16 sept. 1749
Je voudrais que mad. du Chatelet fît des enfants aussi vite que vous des tragédies.
Je suis sûr que vous y réussirez parfaitement, mais vous m'avouerez qu'à la fin votre théâtre français se lassera de cette monotonie de l'amour qu'on retrouve à chaque tragédie. Les Grecs avaient moins de pièces de théâtre que les Français et plus de différentes passions. Ils remplissaient à l'aide de peu d'acteurs une pièce simple qui était d'autant plus intéressante que l'intérêt ne s'y trouvait pas divisé. Les flèches d'Achille entre les mains de Filoctete que veut lui enlever Ulisse fournissent un sujet à Sofocle qui devient intéressant et sublime par la façon dont il le manie. Je voudrais que vos Français ne fussent point gênés par le nombre d'actes. C'est ce qui donne lieu à ces épisodes inutiles et à ces amours collatéraux qui entrent dans leurs pièces uniquement pour les allonger. J'avoue que les sujets simples demandent plus d'imagination et plus de génie que les compliqués et c'est pourquoi les persones de génie n'en devraient choisir que de ce genre.
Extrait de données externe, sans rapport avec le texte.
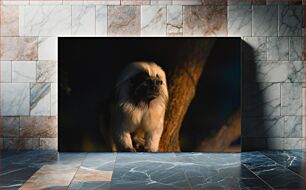 Πίνακας, Pensive Monkey in Low Light Σκεπτικός πίθηκος σε χαμηλό φως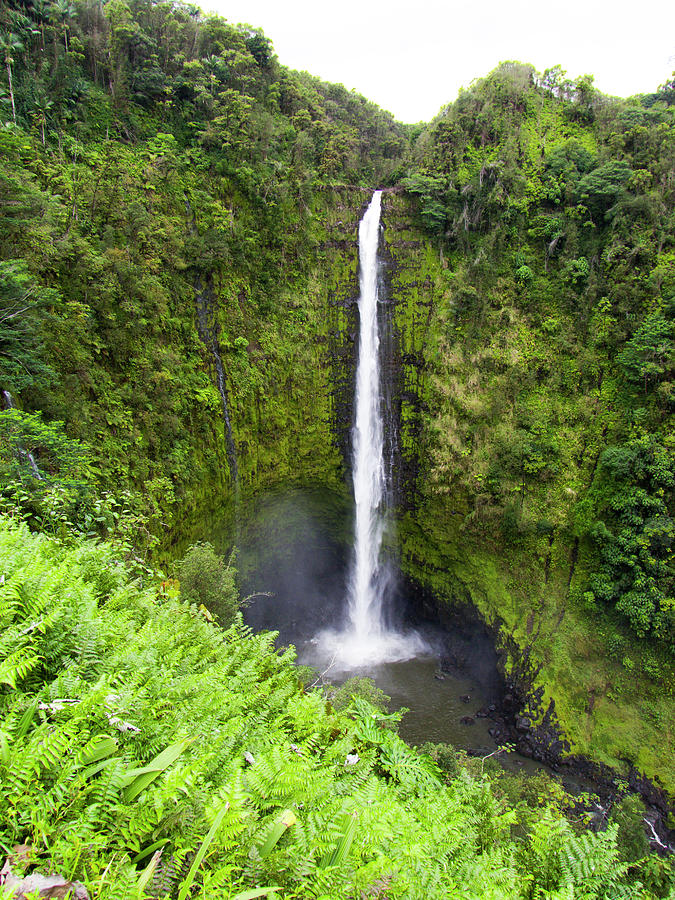 Waterfall at Akaka Park Photograph by Phil Welsher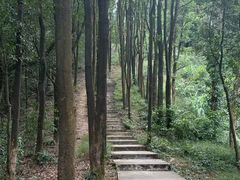 -广州市帽峰山景区
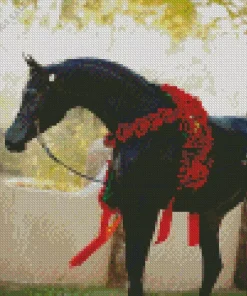Black Horse With Roses Diamond Painting
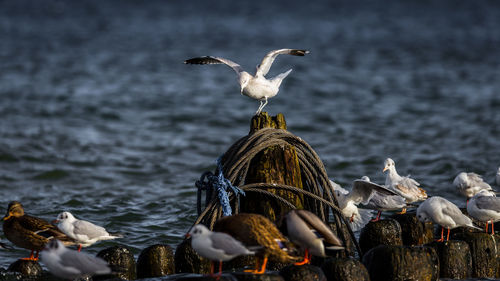 Seagulls perching on wooden posts at sea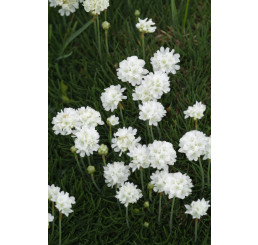 Armeria maritima Armada White / Trávnička přímořská , K9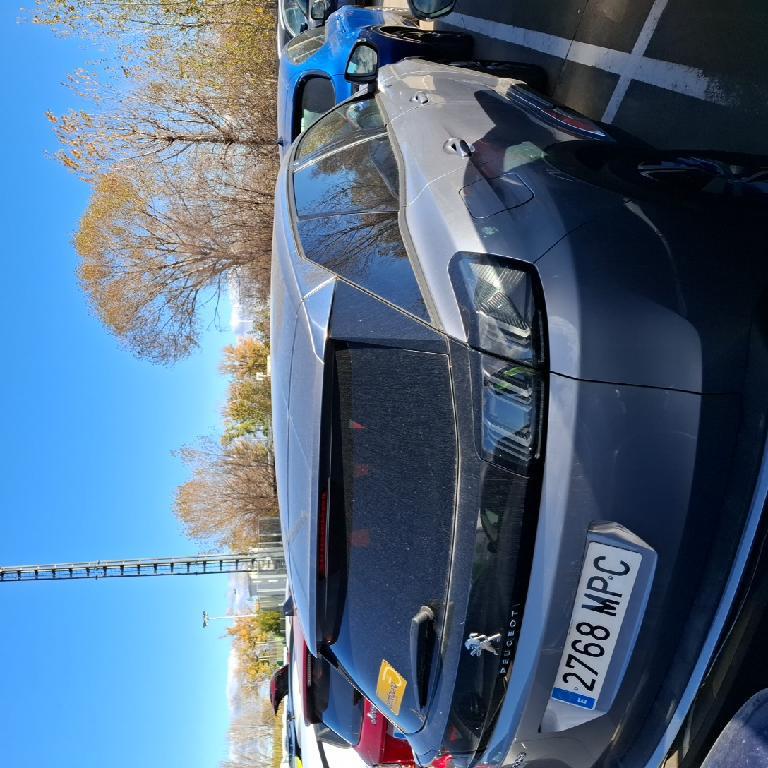 Foto Peugeot 3008 6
Je me flatte que vous ne travaillerez pas uniquement ici à votre Electre et que vous aurez bien quelques moments de reste pour la Pucele, pour l'histoire de Louis 14 et pour me donner des leçons. J'en ai d'autant plus besoin qu'il m'arrive souvent d'enrichir votre langue très incorrectement. Je voudrais non seulement qu'elle fût plus abondante mais encore qu'on pût faire rimer ensemble des mots que le bon sens unit si bien. Puisqu'on dit mourir subitement il me semble qu'on peut aussi dire subit dans ses résolutions si ce n'est que l'usage n'établisse qu'on se serve du mot prompt. Je voudrais qu'on augmentât votre langue en faisant dériver les mots nouveaux de certains verbes que le caprice a rendus stables. On dit par exemple haine et l'on ne saurait dire un homme haineux. Cependant riche a fait richard sans qu'on y trouvât à redire. C'est une matière sur laquelle j'attends vos oracles et vos décisions.
Vous avez bien affligé le pauvre D'Argent en lui imputant des choses qu'il n'a jamais faites et dont il est incapable. Je ne sais où vous avez pu trouver des choses offensantes dans ses livres, où vous êtes loué à chaque page.
Si le roi Stanislas est mécontent de l'Anti-Machiavel, je le lui sacrifie de bon cœur. C'est un ouvrage de ma jeunesse dont je ne suis nullement content, un style de déclamateur et qui sent trop son écolier. Si j'avais à le refaire l'ouvrage serait plus mesuré, plus laconique et plus sage. Vous me demandez l'ordre pour le mérite qui est précisément ici ce qu'est la croix de st Louis en France. C'est un ordre militaire qui ne peut se donner à des étrangers. Je l'ai refusé à des gens de la première condition d'Allemagne par cette raison et je ne peux pas faire un pont aux autres en le donnant à des étrangers. Je m'étonne qu'un philosophe comme vous pense à de pareilles bagatelles. Les chevaliers de la toison d'or refusent tous les autres ordres, et vous grand croix d'Apollon vous vous avisez de me demander le mien? Si vous étiez duc et pair ou même prince du sang cela ne vous ferait pas autant d'honneur que d'avoir fait la Henriade. Dans 50 ans on ne saura plus qu'il y a eu un comte de Charolais, un duc de Gevres, quand on lira avec plaisir votre poème, et que votre nom passera comme celui de Virgile aux siècles les plus reculés. Je m'étonne qu'ayant tout lieu d'être content de la réputation que vous vous êtes acquise vous puissiez penser à des bagatelles, avoir trop [de] sensibilité pour les critiques de vos ennemis tandis que vous travaillez toute votre vie à vous faire des envieux. Si vous venez ici je vous promets de vous rendre en philosophie tout ce que vous me donnerez en élocution et en pureté. Il n'y a que la philosophie qui puisse nous rendre heureux. Je ne parle point de celle qui consiste dans des nombres ou dans des observations mais de celle qui nous détrompe de nos erreurs et qui peut nous procurer la tranquillité de l'âme sans laquelle il n'y a aucun bonheur dans ce monde. Adieu, souvenez vous que le quart d'heure de Rabelais va sonner. Nous avons le 16 de 7bre, nous touchons au mois d'octobre et il serait bien singulier que le roi Stanislas qui n'a jamais abusé de son pouvoir s'en avisât pour vous tyranniser.